I'm hoping I'm doing everything right :/

I also found a chicken/Turkey/rabbit supplier!


----------



## xellil (Apr 4, 2011)

Makovach said:


> Annie and Tucker have been on raw for a week now.
> 
> Annie's stool was very hard. She was straining and nothing would come out. I left all the skin/fat/organs on her chicken backs. She gets about 1.5-2lbs of chicken backs and I started giving her an egg a day. Now she is pretty normal, but its still a little sandy. Should I start adding the chicken quarters to up her meat content? She also got pork neck (meaty) with no problems.
> 
> ...


Sounds like they are both getting too much bone. Are you feeding them bony meals twice a day? If so, I would make one of those boneless. you are doing everything fine, just need a little less bone.


----------



## shellbell (Sep 24, 2011)

Yes, what xellil said. I would start adding in some boneless chicken at this stage in the game. I had to do the same thing, after a couple weeks of nothing but bone-in chicken, Tux had sand poops.


----------



## magicre (Apr 7, 2010)

i think it's too soon for eggs.....

but what i would do is add a little more boneless chicken to annie and a wee bit more boneless to tuck...keep them both on chicken until their stools are okay.

not too hard, not liquidy and a wee soft is okay. 

it's only been a week. much of this is trial and error.


----------



## liquid (Dec 28, 2011)

Yes, start adding chicken quarters.
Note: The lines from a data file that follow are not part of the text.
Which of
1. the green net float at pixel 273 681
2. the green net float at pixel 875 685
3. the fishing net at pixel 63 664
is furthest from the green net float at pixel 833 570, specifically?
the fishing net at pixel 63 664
It sounds like theyre just getting way too much bone. Good thing its an easy fix :thumb:


----------



## Makovach (Jan 24, 2012)

I'm thawing out chicken quarters tonight to feed in the morning. Should I do had backs half quarters?


----------



## liquid (Dec 28, 2011)

You can try half backs half quarters and see how that goes. If they are still having sandy/dry stools after that, then go full bone-in quarters.


----------



## twoisplenty (Nov 12, 2008)

I also prefer the chicken quarters over the frames. Should help soften the poops a bit


----------



## LucyinSweden (Feb 20, 2012)

Interesting! I was just coming here to talk about Lucy's poop as well! I'm just going to tack on to this post if no one minds...
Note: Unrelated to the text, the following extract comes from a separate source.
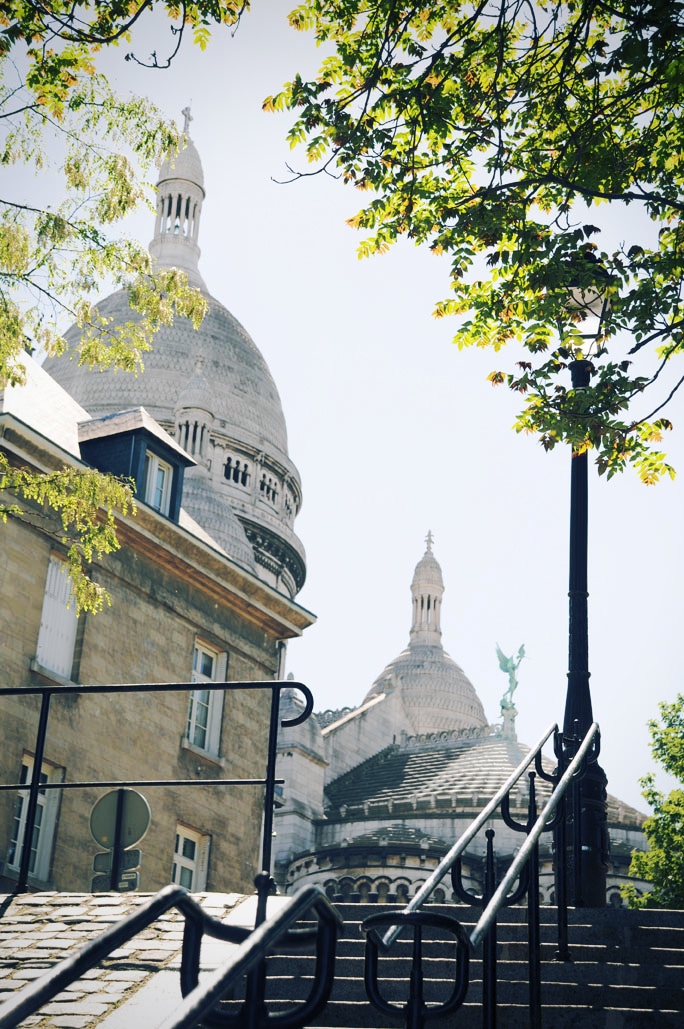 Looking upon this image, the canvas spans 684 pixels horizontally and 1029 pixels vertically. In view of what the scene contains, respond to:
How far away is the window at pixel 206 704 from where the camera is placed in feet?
71.5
I stopped giving Lucy any bone meals about a week ago, when I noticed that she was having a lot of trouble pooping and when she did they were tiny and really, really hard. She's STILL having a lot of trouble pooping. She woke me up at 5am because she had to go, we get outside, and she didn't do anything. An hour later, she makes me get up and this time, after about 30 minutes, she finally got a really large, firm poop. I should say that she hasn't been straining this whole time, she just sniffs and sniffs... and sniffs... and sniffs.... you get the picture. 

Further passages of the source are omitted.